Le commerce extérieur de la France a suivi depuis l’adoption du tarif douanier de 1892 un mouvement continu de recul. Les partisans du système protectionniste peuvent chercher à donner de ce phénomène des raisons étrangères à la politique douanière et montrer que le commerce extérieur a également décru dans les autres pays, notamment en Angleterre, aux États-Unis, en Italie, en Espagne. Ils ne peuvent nier le phénomène, et celui-ci a une portée d’autant plus significative que notre commerce extérieur n’avait cessé de se développer depuis 1860, et que l’année 1891 a marqué le point culminant de cette progression.

De 1857 à 1861, le montant moyen annuel de nos échanges avec l’étranger avait été de 3 milliards 927 millions.

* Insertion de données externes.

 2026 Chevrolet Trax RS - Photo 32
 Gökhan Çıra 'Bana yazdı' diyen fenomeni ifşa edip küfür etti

Dix années plus tard il atteignit 6 056 millions. Le total s’élevait à 8 milliards 190 millions en 1890, à 8 337 millions en 1891[1]. Le régime des traités de commerce avait fait ainsi ses preuves. Il ne viendra certes à la pensée de personne de lui attribuer exclusivement l’honneur d’une telle poussée d’expansion commerciale. Chacun fera la part qui convient à la multiplication des voies ferrées, aux applications merveilleuses des découvertes de la science, aux grands phénomènes économiques produits par ces applications dans la période de 1860 à 1870. Au moins ne saurait-on soutenir sérieusement, comme quelques protectionnistes l’ont osé faire, que les innovations de 1860 ont compromis la prospérité de notre commerce extérieur.

Les courans commerciaux que représentent les énormes totaux des dernières années accusent une intensité remarquable d’activité dans toutes les branches du travail et de la production . Ils impliquent des relations extrêmement nombreuses avec les nations voisines ou lointaines et sont la source de bénéfices industriels considérables. Leur développement continu a été un des facteurs

  1. Tous ces chiffres et ceux qui suivent se rapportent au commerce « spécial » (importations et exportations réelles), distinct du commerce « général » dans lequel sont compris l’entrepôt et le transit.